Problem 2 -- Miss Ratio as a Measure of Cache Effectiveness
The miss ratio of a program provides a measure of how
effectively the program utilizes your cache, and, in some sense, how
efficient the program is. Intuitively, the fewer times a memory access
has to go all the way to main memory, faster the program will run. The
miss ratio measures exactly this. In this problem, we will examine the
miss ratio for a common linear algebra problem, Matrix Matrix Multiply
(MMM), and see if the results give us some ideas as to how to best
exploit knowledge of cache parameters.
In order to compute the miss ratio, we will use performance
counters. Most architectures provide access to counters which measure
such things as memory accesses and cache misses. We will use this
information to determine the miss ratio for various versions of MMM.
If the machine you are testing on is in the P6 family, you
can use this library to access the
hardware counters. If you are using a Pentium 4 class machine, you
will need to determine how to access the performance counters
yourself. If you would like to use a PowerPC based machine, email
Milind for information regarding the performance counters.

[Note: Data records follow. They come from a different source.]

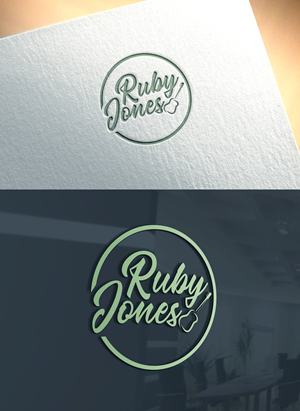 Logo Design by RaKu 2 for this project | Design: #32328431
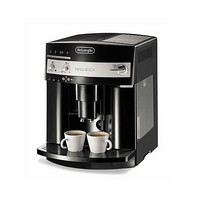 Delonghi 德龙 ESAM3000.B 全自动咖啡机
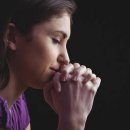 보강한의원 이미지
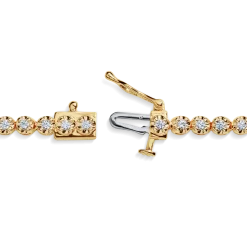Discount Shinola 1 Carat 7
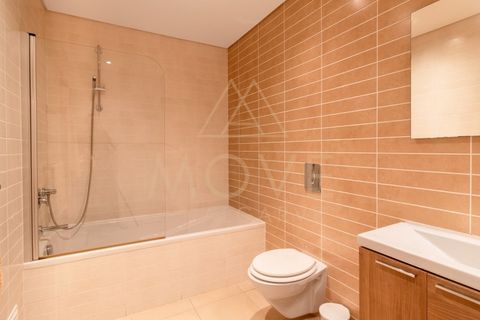 Lejlighed i Luz, Faro, Luz - € 435.000 | Ref: A304 - foto 27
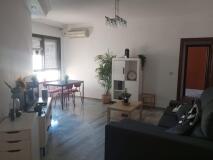 Foto2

Once you are familiar with the access and use of the performance
counters for your machine, write a simple, triply-nested loop MMM
program, and run all 6 loop-orders for varying array sizes to produce
a graph that looks like:
Explain the changes in the miss ratio for the graph. Discuss why some
loop orders perform better than others, and explain any sudden changes
in miss ratio. Finally, comment on how this information might provide
optimization opportunities.
Problem 3 -- Empirically Optimized Cache-efficient Libraries
Rather than hand tuning linear algebra libraries to each architecture
individually, a common approach is to use empirical optimization to
automatically generate a high performance implementation of the
library. The standard linear algebra library is BLAS (Basic Linear Algebra
Subprograms), and the most common empirical optimization tool for BLAS
is ATLAS (Automatically
Tuned Linear Algebra Software). In this problem, you will use ATLAS to
generate the BLAS libraries optimized for your system.

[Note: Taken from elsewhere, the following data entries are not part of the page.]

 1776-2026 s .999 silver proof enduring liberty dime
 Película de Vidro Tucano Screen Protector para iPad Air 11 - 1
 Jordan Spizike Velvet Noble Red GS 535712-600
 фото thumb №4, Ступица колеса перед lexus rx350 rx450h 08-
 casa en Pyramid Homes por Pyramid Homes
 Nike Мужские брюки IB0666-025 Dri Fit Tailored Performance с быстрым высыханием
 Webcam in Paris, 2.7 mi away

First, download and install ATLAS, following the documentation on
their website. Note
that if you are using a Windows machine, you will need to also
download and install Cygwin. After installing (and running) ATLAS, you
will have generated a static library which contains the BLAS
subroutines.
Now write a simple wrapper class to perform MMM
using square matrices, and calling the BLAS routine for matrix matrix
multiply. Reference this
document to figure out how to call the generated routines (note:
you are looking for the BLAS operation that allows you to do C =
alpha*A*B + alpha*C without any constraints on A, B or C). For further
help, here
is a description of what the various arguments mean, and here
is a sample program that shows how to call a similar BLAS function.

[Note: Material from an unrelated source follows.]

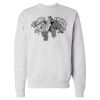Ecosmart® Crewneck Sweatshirt Thumbnail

Once you get your code working, run it for various matrix
sizes, and plot your results.
Problem 4 -- Write Your Own
Now you will try your hand at writing an efficient MMM kernel. Read
this paper
by Yotov et al. Focus on the technique of writing parameterized
MMM. Once you are comfortable with tiling and unrolling to efficiently
use registers and cache, write your own implementation of MMM. Find
the parameters in any way you would like - e.g. using a model or
experimentation - that give you the best results. Run your kernel for
various matrix sizes, and plot your results. Compare them to the
results of Problem 3.
If you were able to complete Problem 2
on the same machine that you completed the rest of the assignment, for
extra credit, comment on how the parameters you found relate to the
cache performance you noted in Problem 2.
Submission
For Problem 1, submit the cache information you discovered. For
Problems 2 and 3, submit your discussions along with the plots. For
Problem 4, submit your discussion, plots of data and your source code.